Audit log

Every sensitive Backup operation — who did it, when, and to what — including the system workers, with filters for investigation.

Not verified yet

The audit log (Backup → Audit log, under Operations) is a read-only timeline of every action against your Backup resources: datasources created, credentials set, policies attached, jobs queued / started / completed / failed, destinations edited, download links minted, and the system workers' own interventions.

Use it to answer:

  • "Who deleted that datasource last Tuesday?"
  • "When were the production credentials last rotated?"
  • "Did the nightly run actually start, or is something wedged?"
  • "Has anyone generated download links for our backups?"

What an entry records

FieldContent
WhenTimestamp; the list is newest-first.
ActorThe user (name/email), with a System badge for background workers (scheduler, reaper, retention) and an API badge for machine actors.
ActionWhat happened, e.g. datasource.created.
TargetThe resource type and ID.
DetailsAction-specific metadata — e.g. which policy a manual run used, or why the reaper reclassified a job. Deliberately redacted: never credentials, never download URLs.

Entries also capture the request's IP address and user agent.

What gets recorded

CategoryActions
Datasourcecreated, updated, credentials set, activated, deactivated, deleted, verify attempted
Backup policycreated, updated, deleted, attached to datasource, detached from datasource
Backup jobqueued, started, completed, failed, manual run, deleted, download link generated
Backup job (reaper)reaped — stuck task, reaped — healed to success, reaped — orphan cleaned
Destinationcreated, updated, re-verified, deleted
Restorecreated, started, completed, failed, reaped — stuck, log link generated

Reads are never audited — browsing job history or viewing a datasource leaves no trace. The one "read" that is: download link generation, because a minted link is access to your data.

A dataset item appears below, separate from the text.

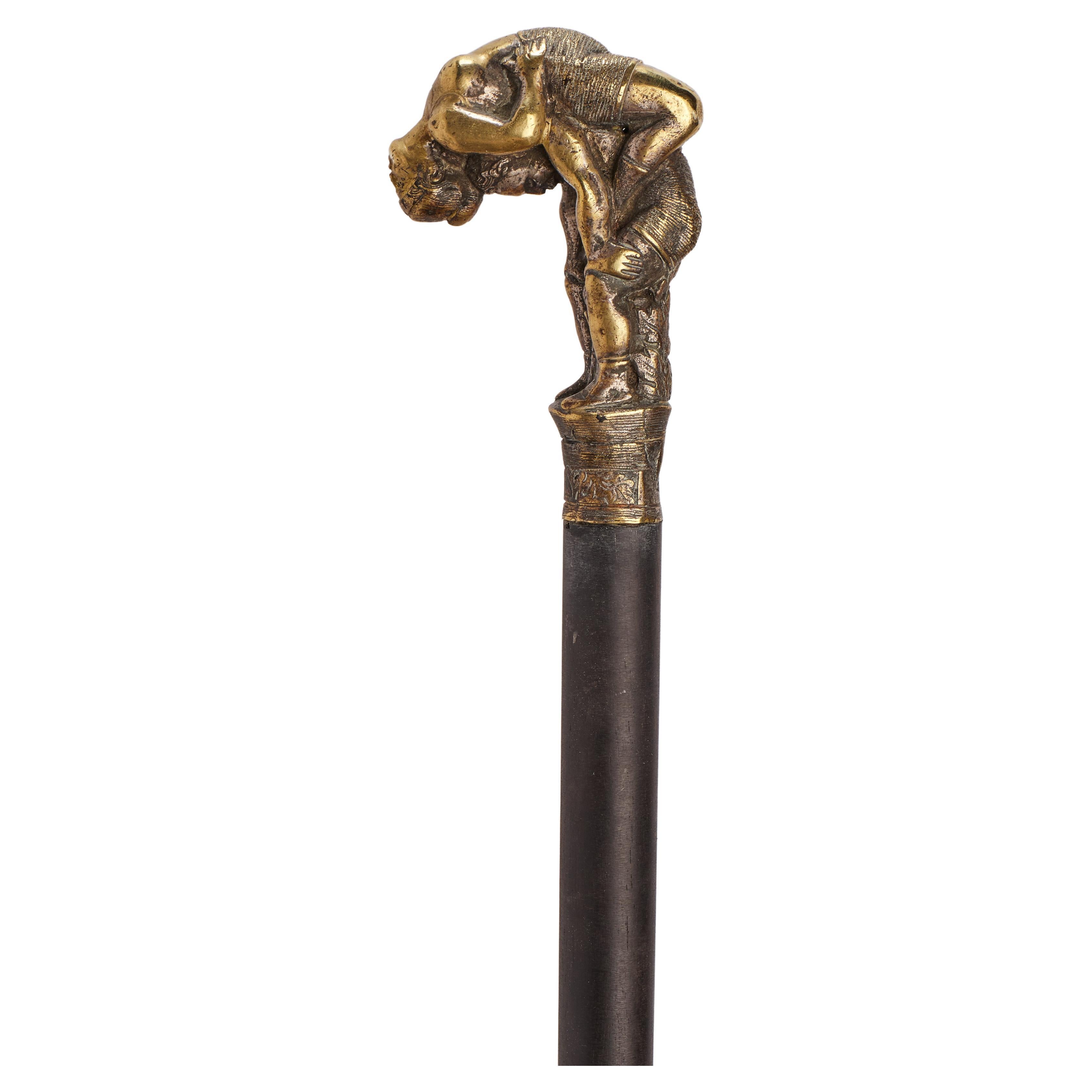 Metal Handle Walking Stick, France, 1900 For Sale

System actors are first-class

Much of what happens in Backup is done by the system on your behalf, and it's all attributed: the scheduler queues jobs, the reaper heals or fails stuck ones, workers complete them. Filter Actor to System to see the machinery; filter it out to see only human actions.

Filtering

Combine independently — as the page says, "each narrows the server query independently":

  • Date range presets — All time, 24h, 7d, 30d.
  • Action — multi-select, grouped by category.
  • Target — by resource type.
  • Actor — multi-select across the users (and System) that appear in your log.

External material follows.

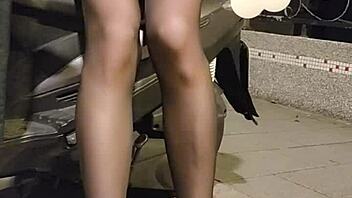 Shemale Ting Xuan Plays With Love Egg Outdoors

Last 7 days + destination actions answers "did anyone touch our storage credentials this week?" in two clicks. The list loads more as you scroll.

Retention and GDPR

  • Audit entries are kept for one year, then pruned automatically.
  • Retention deletions have their own permanent trail — the record of which backups the retention worker deleted, when, why, and how many bytes were freed is kept forever, separate from the 1-year general log.
  • Right to erasure is honoured without breaking the trail — actor identities are resolved live, so users who deleted their account appear as "Anonymized user" per GDPR (as the page header notes). See Platform → GDPR.

Access over the API

The same data is available at GET /audit-log with cursor pagination and filters for time range, actions, target types, a specific target ID, and actors; GET /audit-log/actors lists the distinct actors for building pickers. Backup emits no webhooks — polling the audit log with an action filter is the supported way to feed events into a SIEM. See the API reference.